Who cares if your application is up all the time? Only the people who want to use it. If you have no users, then none of the other issues matter. So the first requirement for any system is that it has useful applications. As a low-level systems guy I do not have much to say about these high-level apps. The best I can do is make it easy for the folks at SAP, Great Plains, AOL, Yahoo!, eBay, Fidelity, USGS, Amazon, MSN, … to build great applications, and to provide a substructure (see items 2-5 above) that makes application developer’s lives easy – or at least tolerable.

2. Availability

System availability is the fraction of tasks that are preformed within the designated response time. The easy way to measure it is to count the number of 9’s. Class 2 is 99%, class 5 is 99.999% and so on.

Something paradoxical happened in the last few years – availability and availability expectations have declined. It used to be that telephones delivered class-5 availability, and commercial computers delivered class-4 availability. When a bank’s ATM network went out, it was front-page news. But, now we have cell phones that fade in and out and web sites are often down or unresponsive. People have come to expect Class-2 availability. Indeed, one eBusiness bragged in their quarterly report that they had finally achieved 99% availability in the most recent quarter – that’s about 100 minutes of downtime per week.

Systems fail for prosaic reasons: hardware, software, operations mistakes, and environmental problems (power failures, storms,..). Recently, sabotage has become a more pressing issue with hacker attacks on systems.

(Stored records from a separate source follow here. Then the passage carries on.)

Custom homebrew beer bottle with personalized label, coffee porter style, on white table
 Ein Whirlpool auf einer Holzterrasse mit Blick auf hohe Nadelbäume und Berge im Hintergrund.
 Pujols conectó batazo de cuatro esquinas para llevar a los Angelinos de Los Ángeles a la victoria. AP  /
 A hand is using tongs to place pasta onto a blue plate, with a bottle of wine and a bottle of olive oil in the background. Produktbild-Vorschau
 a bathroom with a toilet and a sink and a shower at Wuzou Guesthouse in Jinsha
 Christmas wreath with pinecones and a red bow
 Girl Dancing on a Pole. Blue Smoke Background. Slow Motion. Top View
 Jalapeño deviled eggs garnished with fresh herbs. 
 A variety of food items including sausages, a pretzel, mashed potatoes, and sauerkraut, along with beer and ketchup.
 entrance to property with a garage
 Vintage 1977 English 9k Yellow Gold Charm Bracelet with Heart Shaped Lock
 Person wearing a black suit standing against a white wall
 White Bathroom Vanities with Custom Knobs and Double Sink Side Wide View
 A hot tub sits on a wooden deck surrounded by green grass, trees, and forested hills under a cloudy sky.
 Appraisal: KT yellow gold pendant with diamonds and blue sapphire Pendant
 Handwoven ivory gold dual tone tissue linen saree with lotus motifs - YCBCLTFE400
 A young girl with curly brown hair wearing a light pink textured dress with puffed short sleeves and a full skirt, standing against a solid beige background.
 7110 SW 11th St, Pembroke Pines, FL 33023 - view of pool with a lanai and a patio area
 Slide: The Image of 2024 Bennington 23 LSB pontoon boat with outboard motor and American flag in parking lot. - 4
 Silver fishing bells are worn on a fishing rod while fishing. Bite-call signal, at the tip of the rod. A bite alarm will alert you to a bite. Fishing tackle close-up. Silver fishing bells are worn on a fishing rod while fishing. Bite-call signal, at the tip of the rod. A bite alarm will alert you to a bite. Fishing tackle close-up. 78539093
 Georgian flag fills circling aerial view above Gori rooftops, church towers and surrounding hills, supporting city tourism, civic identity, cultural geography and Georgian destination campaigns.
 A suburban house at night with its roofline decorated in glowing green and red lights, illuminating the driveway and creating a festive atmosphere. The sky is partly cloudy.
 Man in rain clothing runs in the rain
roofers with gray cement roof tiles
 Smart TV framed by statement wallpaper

One can easily mask most hardware, software, and environmental errors with redundancy. The first step is to make the storage reliable by using mirroring or RAID5 to store the data on at least two disks. This protects the data from any single disk failure. The next step is to have redundant servers and a load balancing system that can redistribute the load as servers fail. Persistent data is stored in a database partitioned among several servers, and these servers are packed, so that if one server fails, another member of the pack can provide access to the failed server’s database. Indeed, the typical large web site has hundreds or thousands of anonymous clone front-end web servers. The incoming requests are spread among these clones. Some connections are sticky (SSL connections, web page connection objects) but stateless middle-tier servers to give a more scaleable and fault-tolerant design. All state is stored in a packed and partitioned back-end database that supports the failover mentioned earlier.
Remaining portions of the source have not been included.